What you are asked to do. Using the entries below, copy out all lines where "refrigerator" is found.

[Extracted data entries]
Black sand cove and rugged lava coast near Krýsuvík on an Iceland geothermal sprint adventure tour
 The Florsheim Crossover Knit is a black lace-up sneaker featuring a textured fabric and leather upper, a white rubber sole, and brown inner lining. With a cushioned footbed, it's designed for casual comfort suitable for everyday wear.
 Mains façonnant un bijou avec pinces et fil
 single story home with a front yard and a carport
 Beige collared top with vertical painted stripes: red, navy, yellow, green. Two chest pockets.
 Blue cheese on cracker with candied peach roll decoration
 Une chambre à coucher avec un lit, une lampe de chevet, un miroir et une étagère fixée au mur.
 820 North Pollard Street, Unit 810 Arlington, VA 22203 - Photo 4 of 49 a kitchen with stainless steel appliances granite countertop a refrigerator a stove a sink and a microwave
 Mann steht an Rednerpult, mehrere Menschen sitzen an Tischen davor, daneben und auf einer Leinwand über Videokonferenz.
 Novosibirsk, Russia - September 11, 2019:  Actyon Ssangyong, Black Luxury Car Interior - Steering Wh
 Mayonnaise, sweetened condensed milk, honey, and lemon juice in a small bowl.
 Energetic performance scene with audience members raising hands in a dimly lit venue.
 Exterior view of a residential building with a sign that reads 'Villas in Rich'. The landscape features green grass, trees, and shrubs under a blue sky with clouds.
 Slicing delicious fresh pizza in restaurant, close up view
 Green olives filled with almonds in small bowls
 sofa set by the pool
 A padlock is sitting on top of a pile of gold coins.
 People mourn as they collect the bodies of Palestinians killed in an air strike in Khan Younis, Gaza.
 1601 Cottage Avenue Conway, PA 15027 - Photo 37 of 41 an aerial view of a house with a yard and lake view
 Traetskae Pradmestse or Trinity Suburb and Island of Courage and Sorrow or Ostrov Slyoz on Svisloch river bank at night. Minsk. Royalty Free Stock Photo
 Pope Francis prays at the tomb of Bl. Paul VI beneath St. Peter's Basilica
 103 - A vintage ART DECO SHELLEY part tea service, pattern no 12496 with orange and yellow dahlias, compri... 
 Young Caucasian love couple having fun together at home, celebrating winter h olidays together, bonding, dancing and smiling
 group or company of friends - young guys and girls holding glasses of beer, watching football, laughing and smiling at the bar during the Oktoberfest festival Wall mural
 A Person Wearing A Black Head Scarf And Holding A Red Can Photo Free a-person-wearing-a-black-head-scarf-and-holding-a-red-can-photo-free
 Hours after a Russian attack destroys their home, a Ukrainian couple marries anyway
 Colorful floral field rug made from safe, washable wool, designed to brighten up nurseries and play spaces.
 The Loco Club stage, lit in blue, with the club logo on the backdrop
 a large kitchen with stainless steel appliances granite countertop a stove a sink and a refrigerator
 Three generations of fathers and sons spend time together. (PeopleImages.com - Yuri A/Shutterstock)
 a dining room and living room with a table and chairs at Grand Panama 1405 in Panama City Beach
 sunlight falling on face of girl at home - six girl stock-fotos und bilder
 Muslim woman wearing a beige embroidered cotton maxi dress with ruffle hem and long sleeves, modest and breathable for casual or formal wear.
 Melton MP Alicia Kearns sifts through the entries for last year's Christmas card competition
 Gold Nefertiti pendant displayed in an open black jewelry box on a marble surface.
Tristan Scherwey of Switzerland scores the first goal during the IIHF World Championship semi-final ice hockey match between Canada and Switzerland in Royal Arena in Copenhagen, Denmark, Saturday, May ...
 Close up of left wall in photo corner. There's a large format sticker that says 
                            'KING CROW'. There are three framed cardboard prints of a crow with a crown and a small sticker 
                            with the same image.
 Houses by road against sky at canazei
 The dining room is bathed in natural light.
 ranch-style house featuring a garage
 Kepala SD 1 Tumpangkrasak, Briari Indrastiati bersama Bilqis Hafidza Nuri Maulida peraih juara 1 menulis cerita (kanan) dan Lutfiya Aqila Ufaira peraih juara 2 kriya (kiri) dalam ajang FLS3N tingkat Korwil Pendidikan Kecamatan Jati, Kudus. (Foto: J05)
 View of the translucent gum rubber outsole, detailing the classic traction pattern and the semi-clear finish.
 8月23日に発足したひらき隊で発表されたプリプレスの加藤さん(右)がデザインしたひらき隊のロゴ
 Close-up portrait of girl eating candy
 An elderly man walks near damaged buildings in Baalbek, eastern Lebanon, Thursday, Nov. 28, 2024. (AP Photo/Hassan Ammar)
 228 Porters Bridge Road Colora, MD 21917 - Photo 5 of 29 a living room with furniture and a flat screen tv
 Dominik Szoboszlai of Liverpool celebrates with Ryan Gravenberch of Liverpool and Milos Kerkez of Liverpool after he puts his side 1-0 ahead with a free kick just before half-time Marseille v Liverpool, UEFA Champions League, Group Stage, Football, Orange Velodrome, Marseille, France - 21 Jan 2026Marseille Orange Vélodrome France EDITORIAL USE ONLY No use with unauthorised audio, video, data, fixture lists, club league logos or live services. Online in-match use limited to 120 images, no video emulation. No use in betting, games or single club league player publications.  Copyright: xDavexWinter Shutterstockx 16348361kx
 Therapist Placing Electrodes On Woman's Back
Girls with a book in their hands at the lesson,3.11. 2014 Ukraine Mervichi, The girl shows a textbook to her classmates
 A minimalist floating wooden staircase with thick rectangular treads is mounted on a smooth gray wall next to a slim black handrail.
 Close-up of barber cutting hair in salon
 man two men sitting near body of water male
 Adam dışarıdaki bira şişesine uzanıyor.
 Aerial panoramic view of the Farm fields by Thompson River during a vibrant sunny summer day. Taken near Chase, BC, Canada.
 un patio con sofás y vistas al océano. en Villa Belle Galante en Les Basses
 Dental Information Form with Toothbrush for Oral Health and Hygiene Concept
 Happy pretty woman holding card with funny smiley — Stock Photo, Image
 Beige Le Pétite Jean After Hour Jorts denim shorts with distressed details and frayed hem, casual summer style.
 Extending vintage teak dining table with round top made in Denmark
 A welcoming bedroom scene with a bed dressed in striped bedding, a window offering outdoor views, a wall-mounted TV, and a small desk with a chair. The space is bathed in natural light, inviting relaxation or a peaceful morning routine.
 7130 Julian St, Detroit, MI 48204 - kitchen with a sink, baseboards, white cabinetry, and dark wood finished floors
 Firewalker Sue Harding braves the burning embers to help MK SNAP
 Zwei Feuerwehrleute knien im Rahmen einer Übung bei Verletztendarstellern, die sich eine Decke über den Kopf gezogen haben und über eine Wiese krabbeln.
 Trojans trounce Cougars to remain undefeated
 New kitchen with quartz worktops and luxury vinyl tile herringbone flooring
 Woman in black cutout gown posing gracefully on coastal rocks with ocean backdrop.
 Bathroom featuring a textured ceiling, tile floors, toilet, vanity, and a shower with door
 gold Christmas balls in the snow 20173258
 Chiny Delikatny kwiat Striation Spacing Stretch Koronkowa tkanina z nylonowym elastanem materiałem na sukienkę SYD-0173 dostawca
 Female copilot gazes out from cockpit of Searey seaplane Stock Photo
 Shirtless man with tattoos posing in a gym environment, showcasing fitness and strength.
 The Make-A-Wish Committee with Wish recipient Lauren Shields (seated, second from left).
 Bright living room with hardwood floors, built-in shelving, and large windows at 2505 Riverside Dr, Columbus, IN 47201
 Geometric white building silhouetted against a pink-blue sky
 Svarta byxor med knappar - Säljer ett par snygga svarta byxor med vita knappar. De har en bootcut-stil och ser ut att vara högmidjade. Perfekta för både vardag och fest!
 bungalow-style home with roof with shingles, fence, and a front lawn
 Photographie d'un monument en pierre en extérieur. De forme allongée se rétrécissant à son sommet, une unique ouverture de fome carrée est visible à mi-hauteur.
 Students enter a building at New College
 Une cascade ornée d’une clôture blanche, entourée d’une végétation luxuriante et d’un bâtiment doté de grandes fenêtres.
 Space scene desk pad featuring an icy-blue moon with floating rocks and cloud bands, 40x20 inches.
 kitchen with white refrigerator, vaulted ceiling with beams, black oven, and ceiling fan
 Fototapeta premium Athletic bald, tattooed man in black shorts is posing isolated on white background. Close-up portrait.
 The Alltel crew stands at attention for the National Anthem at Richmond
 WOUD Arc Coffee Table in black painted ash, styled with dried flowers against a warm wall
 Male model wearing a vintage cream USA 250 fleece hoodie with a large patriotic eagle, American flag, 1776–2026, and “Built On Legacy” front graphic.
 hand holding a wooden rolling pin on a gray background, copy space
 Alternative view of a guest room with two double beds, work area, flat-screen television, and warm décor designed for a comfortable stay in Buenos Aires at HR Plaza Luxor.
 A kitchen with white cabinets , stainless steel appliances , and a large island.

Output of the exercise.
 820 North Pollard Street, Unit 810 Arlington, VA 22203 - Photo 4 of 49 a kitchen with stainless steel appliances granite countertop a refrigerator a stove a sink and a microwave
 a large kitchen with stainless steel appliances granite countertop a stove a sink and a refrigerator
 kitchen with white refrigerator, vaulted ceiling with beams, black oven, and ceiling fan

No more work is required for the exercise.